Description / causes of Disease

Phenylketonuria also called PKU is an inherited disorder in which the amino acid phenylalanine cannot be broken down by the body. The enzyme, phenylalanine hydroxylase (PAH) may build up in the bloodstream and other tissues and as an effect, it can cause brain damage. If PKU is not treated early, it can increase the levels of phenylalanine causing severe brain damage and intellectual disabilities (Genetics Home Reference Feb.11, 2020). Phenylalanine is used by your body to generate proteins and typically comes from all various types of foods. Pregnant women with PKU are more likely to have more elevated levels of phenylalanine and can be a risk to their upcoming newborn babies causing them to have mental retardation, developmental delay, heart issues and more. PKU can sometimes be missed after birth because the symptoms are rarely identified. To detect PKU in babies, they would need to undergo a newborn screening which was created in the 1960s (National Human Genome Research Institute, Aug.21, 2014).

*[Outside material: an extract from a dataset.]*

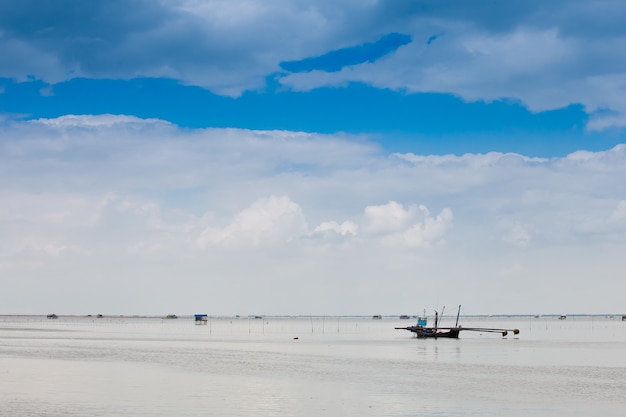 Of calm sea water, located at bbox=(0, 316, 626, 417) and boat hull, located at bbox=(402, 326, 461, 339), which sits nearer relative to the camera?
calm sea water, located at bbox=(0, 316, 626, 417)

The symptoms for PKU vary from moderate also called mild to severe also called classic PKU. The first few months infants may not be detected with symptoms of PKU. Without treatment, it can lead to mental retardation, seizures, developmental delay, and autism. The infant may have eczema of the skin, lighter skin, and hair than their family members. A Specific diet that contains low protein in foods or no phenylalanine will need to be followed (National Human Genome Research Institute, Aug.21, 2014).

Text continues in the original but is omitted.